Begin at the line that contains "Mci mise en" and reproduce it along with every line after it to the end of the listing; skip any pictures.

== PROVIDED MATERIAL ==
<<<<

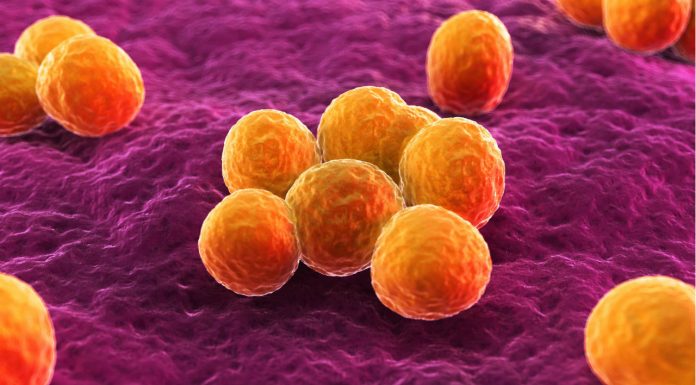The rise of community-associated golden staph infections S. aureus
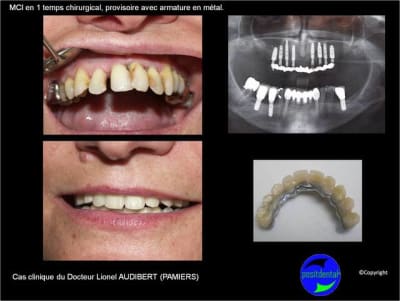 Mci mise en charge imm diate 002 kwvdh6 - Eugenol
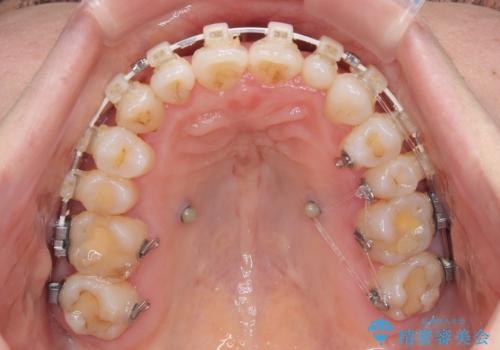 骨格的なズレを歯列矯正でカバー ワイヤー装置での非抜歯矯正の治療中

>>>>

== FINISHED TASK ==
 Mci mise en charge imm diate 002 kwvdh6 - Eugenol
 骨格的なズレを歯列矯正でカバー ワイヤー装置での非抜歯矯正の治療中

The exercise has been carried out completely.